**Try it**
The data below contains pictures, which are to be skipped; the lines starting at the line with "Kids 3rd Birthday" and ending at the line with "[DOZA Village (どざむら)] 全整合版 [中国翻訳]_37003" are to be output exactly, both ends included.

==== Data section ====

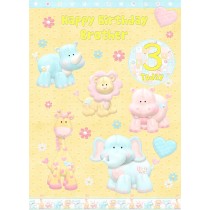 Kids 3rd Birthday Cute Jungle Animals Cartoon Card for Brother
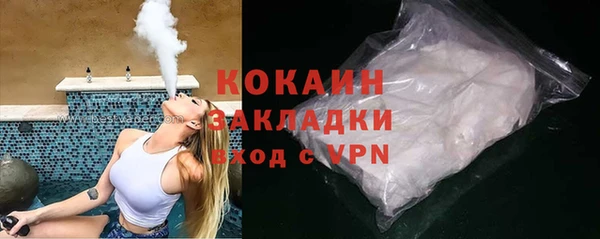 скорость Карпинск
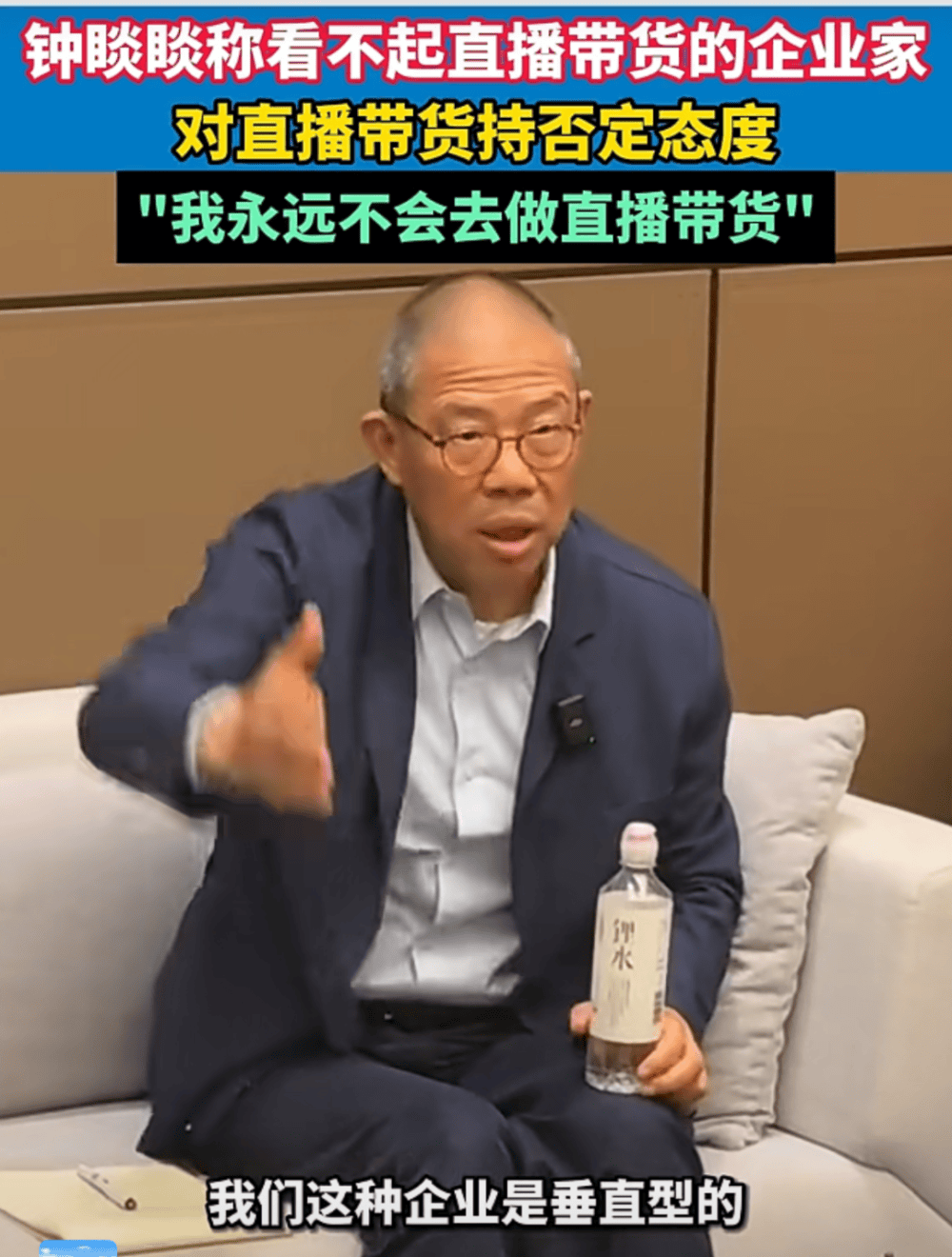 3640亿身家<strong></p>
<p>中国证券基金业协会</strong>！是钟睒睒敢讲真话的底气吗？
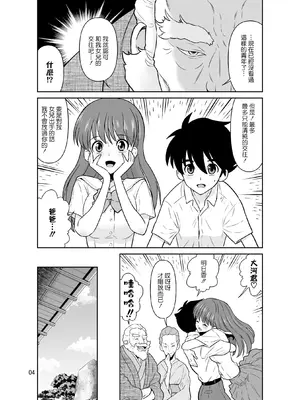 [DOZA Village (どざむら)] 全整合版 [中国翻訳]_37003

====
==== Data section ====

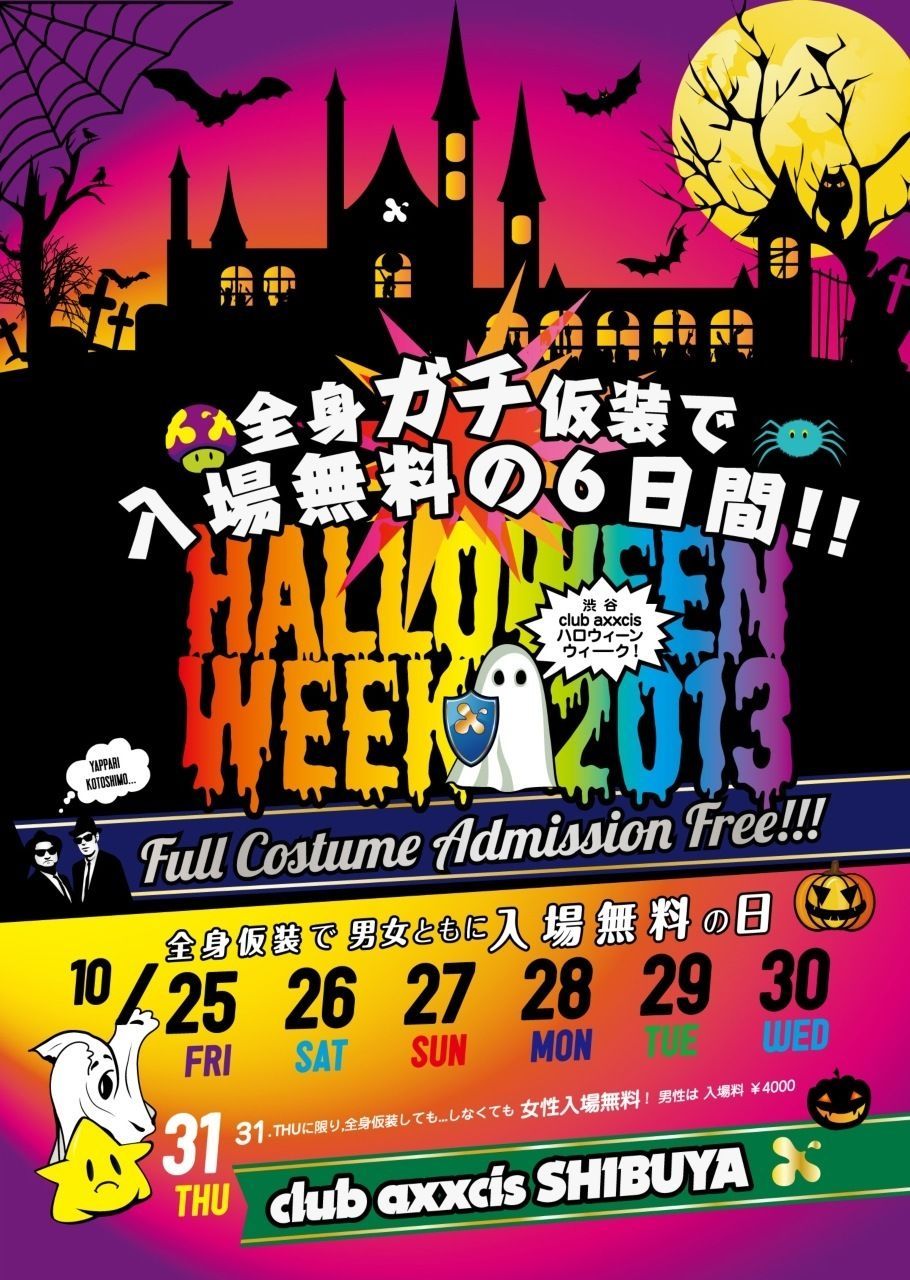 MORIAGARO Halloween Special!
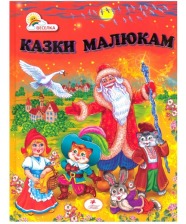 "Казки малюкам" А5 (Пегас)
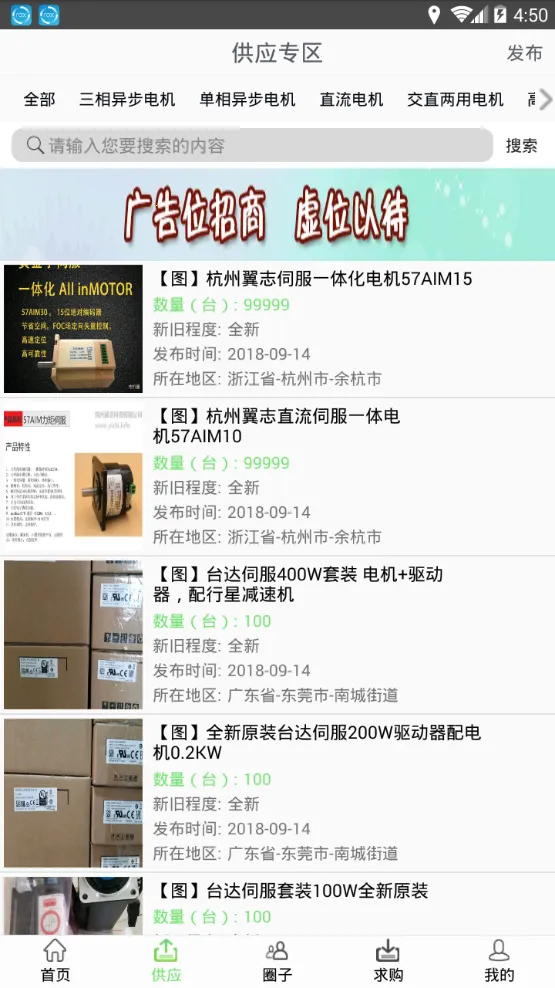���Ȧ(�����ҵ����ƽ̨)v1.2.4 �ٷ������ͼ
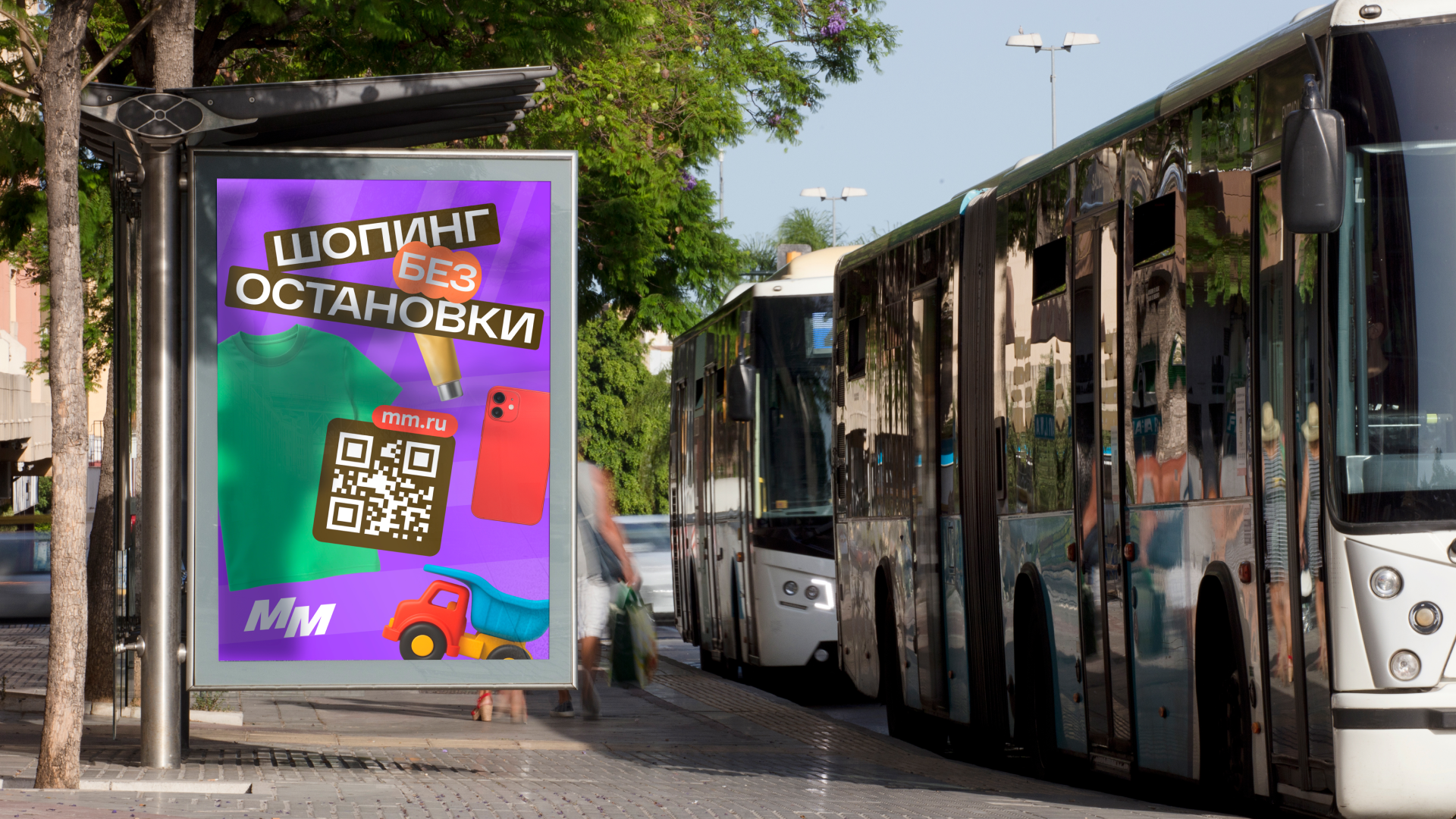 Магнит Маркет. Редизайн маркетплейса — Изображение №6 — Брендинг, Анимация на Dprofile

====

**Solution to this task**
 Kids 3rd Birthday Cute Jungle Animals Cartoon Card for Brother
 скорость Карпинск
 3640亿身家<strong></p>
<p>中国证券基金业协会</strong>！是钟睒睒敢讲真话的底气吗？
 [DOZA Village (どざむら)] 全整合版 [中国翻訳]_37003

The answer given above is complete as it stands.